Crawled caption data »
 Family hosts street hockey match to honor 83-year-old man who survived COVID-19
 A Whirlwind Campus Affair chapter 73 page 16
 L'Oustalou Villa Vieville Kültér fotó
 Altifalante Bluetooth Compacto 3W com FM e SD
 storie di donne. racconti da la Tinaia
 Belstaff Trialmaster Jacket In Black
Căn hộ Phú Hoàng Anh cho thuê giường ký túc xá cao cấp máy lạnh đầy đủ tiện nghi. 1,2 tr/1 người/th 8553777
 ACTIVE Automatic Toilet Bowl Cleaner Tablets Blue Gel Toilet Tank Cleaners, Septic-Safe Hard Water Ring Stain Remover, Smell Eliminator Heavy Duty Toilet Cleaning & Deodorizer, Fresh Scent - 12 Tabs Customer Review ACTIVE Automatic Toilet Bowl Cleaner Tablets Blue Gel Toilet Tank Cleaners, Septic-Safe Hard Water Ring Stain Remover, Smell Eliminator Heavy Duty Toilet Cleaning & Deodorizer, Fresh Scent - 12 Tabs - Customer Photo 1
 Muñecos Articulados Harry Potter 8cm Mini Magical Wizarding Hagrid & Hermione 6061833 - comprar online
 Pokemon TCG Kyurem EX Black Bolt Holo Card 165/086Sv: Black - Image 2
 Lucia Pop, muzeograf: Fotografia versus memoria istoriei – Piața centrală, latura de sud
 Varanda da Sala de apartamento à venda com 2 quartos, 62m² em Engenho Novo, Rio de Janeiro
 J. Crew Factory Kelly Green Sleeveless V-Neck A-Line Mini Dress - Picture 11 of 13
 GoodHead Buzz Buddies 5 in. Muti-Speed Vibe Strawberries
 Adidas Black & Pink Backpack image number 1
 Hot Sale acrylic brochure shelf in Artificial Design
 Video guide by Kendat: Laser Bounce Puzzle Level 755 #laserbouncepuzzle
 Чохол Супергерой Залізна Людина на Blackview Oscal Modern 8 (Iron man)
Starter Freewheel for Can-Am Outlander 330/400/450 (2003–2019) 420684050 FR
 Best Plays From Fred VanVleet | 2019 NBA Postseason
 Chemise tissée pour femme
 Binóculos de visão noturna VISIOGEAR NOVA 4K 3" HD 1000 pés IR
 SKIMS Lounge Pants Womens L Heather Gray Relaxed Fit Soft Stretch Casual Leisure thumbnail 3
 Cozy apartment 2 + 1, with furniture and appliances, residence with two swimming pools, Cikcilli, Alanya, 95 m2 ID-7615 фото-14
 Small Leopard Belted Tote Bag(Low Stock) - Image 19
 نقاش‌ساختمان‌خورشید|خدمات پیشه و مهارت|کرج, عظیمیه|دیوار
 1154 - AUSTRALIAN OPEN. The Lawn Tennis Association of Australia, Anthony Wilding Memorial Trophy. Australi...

WHAT NEEDS TO BE DONE »
Copy, without any change, the run of lines from the one with "Small Leopard Belted" through the end of the entries above.

RESPONSE BOX »
 Small Leopard Belted Tote Bag(Low Stock) - Image 19
 نقاش‌ساختمان‌خورشید|خدمات پیشه و مهارت|کرج, عظیمیه|دیوار
 1154 - AUSTRALIAN OPEN. The Lawn Tennis Association of Australia, Anthony Wilding Memorial Trophy. Australi...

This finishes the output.